Arapları Tayyip Erdoğan yönetsin
Başbakan Erdoğan'ın Davos'taki sert çıkışı, Arapların gönlünde taht kurmaya devam ediyor
Arap dünyasının en nüfuzlu gazetelerinden Londra merkezli El Kuds El Arabi Gazetesi Genel Yayın Yönetmeni Abdulbari Atwan, Vakit muhabiri Mehmet Nedim Aslan'a çarpıcı açıklamalarda bulundu.
İşte o açıklamalar:
“MOSSAD, MISIR'DA SİNANOG YAKTI”
“Peki ya bombalama girişiminde bulunulan Detroit uçağındaki soru işaretleri.. Yemen'de El Kaide'den eğitim aldığı söylenen Nijeryalı Abdulmuttalib'in o uçağa İsrail istihbaratının yardımıyla bindiği söyleniyor.
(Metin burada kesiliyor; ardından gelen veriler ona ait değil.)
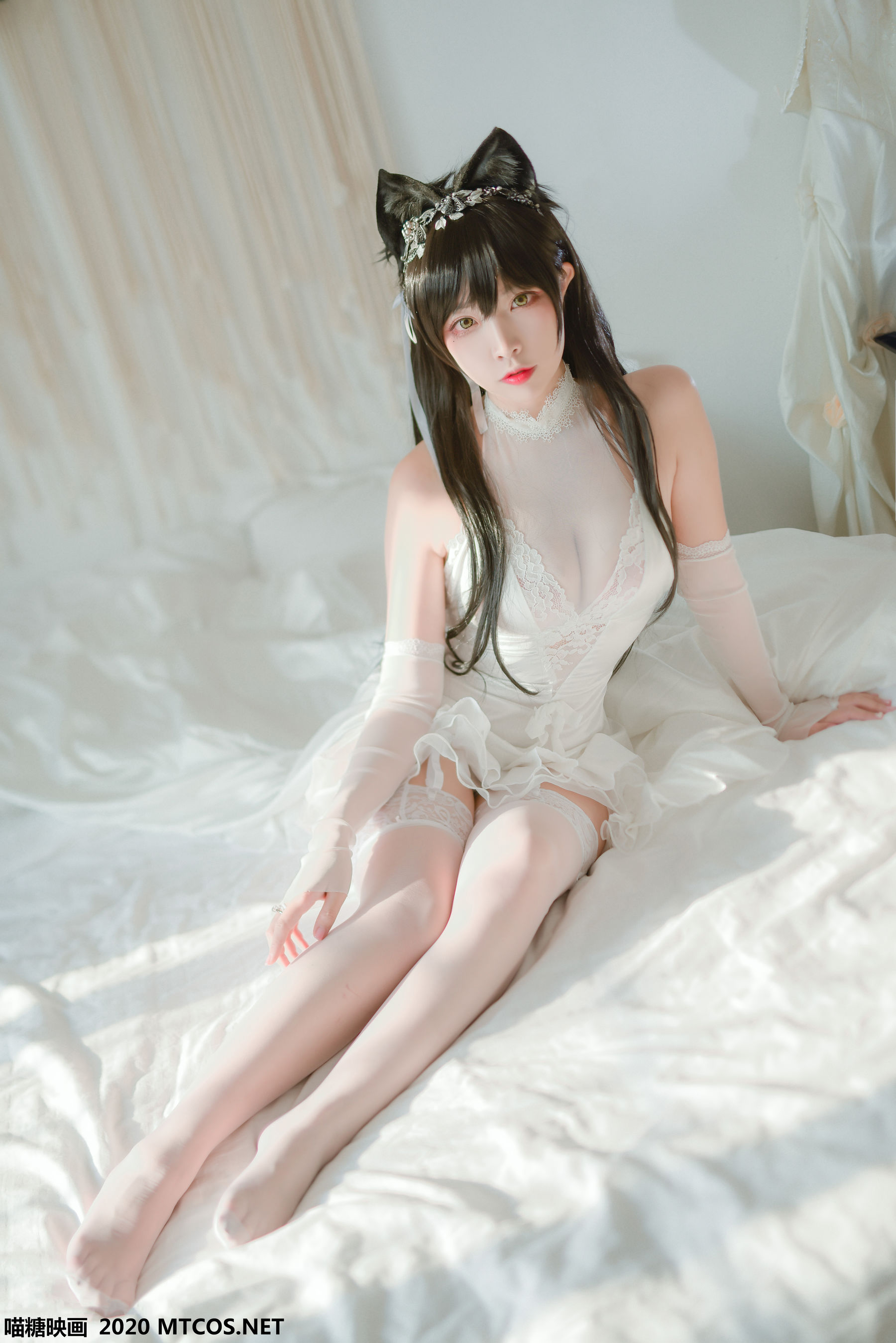 [喵糖映画] VOL.100 二佐Nisa 婚纱爱宕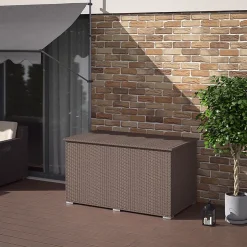 OK-Living Coffre pour coussins Marron 146x80cm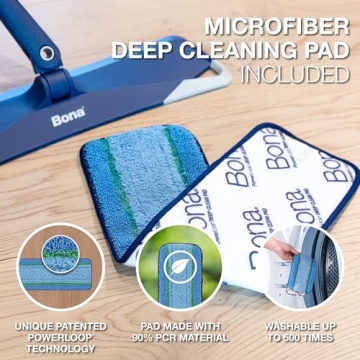 Bona Microfiber Pad 3-Pack for Easy Multi-Surface Cleaning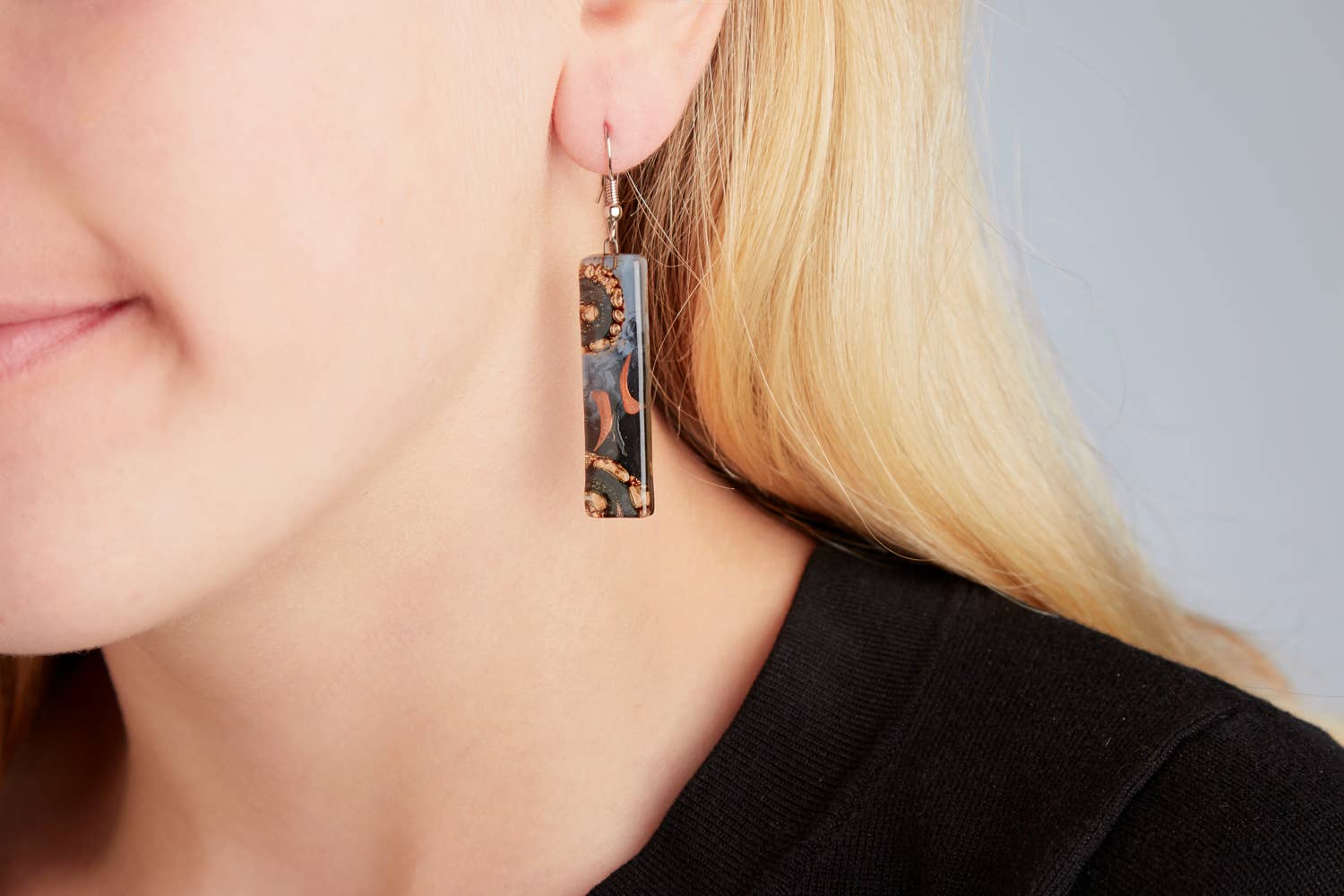 Fascination Glass Earrings - Sugar River Shoppe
Tüm bunlar ABD ve İsrail'e karşı olan örgütlerin bu ülkeler tarafından kullanıldığı anlamına gelmiyor mu?” sorusunu şöyle cevaplıyor Atwan, “Nijeryalı Abdulmuttalib ile ayakkabı bombacısı (Richard Reid) arasında benzerlikler vardır. Ben komplo teorilerine inanmıyorum ama bu iki olayda bir sürü soru işareti bulunuyor. Mesela ayakkabı bombacısı neden uçaktaki koltuğunda herkesin gözü önünde ayakkabısındaki patlayıcıyı patlatmak istedi. Neden bunu daha gizli, mesela tuvalette yapmadı. Ya da o uçağa nasıl alındı. Yine aynı şekilde Nijeryalı Abdulmuttalib de öyle. Bu insanlar kullanılmış olabilirler. Geçmişte Mısır'da MOSSAD Yahudi sinagogunu yaktı. Mesela Irak'ta sinema salonunu bombaladı. Böylece Irak'taki Yahudilerin göçünü hızlandırdı. Yani İsrail ve ABD, sonuç alabilmek için bunları kullanmış olabilirler.”
“BATILILAR İSRAİL YÜKÜNDEN KURTULMAK İSTİYOR, ÇÜNKÜ BEDEL ÖDÜYORLAR”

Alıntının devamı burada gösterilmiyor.